**PROBLEM TO WORK ON:** Your answer must consist of exactly the lines below, starting with the line with "Flekosteel Balsamo Que" and going on through the line with "Từ một cô gái", and nothing else.

**PROVIDED DATA:**
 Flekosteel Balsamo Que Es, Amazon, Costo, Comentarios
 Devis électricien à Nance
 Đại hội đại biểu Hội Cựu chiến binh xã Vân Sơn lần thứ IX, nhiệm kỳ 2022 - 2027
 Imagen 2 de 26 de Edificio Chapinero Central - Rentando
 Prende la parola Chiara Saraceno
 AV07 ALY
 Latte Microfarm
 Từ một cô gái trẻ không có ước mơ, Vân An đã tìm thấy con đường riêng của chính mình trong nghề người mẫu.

* * *

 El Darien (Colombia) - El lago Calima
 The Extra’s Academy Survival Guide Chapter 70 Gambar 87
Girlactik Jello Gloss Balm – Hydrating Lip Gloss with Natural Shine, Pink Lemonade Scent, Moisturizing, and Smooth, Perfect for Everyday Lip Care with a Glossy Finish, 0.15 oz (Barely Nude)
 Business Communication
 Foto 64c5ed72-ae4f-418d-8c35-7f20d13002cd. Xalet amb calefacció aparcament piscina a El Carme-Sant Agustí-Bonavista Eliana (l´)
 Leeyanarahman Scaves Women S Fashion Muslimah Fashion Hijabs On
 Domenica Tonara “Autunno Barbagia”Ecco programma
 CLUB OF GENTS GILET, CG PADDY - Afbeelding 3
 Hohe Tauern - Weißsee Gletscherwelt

**OUTPUT OF THE EXERCISE:**
 Flekosteel Balsamo Que Es, Amazon, Costo, Comentarios
 Devis électricien à Nance
 Đại hội đại biểu Hội Cựu chiến binh xã Vân Sơn lần thứ IX, nhiệm kỳ 2022 - 2027
 Imagen 2 de 26 de Edificio Chapinero Central - Rentando
 Prende la parola Chiara Saraceno
 AV07 ALY
 Latte Microfarm
 Từ một cô gái trẻ không có ước mơ, Vân An đã tìm thấy con đường riêng của chính mình trong nghề người mẫu.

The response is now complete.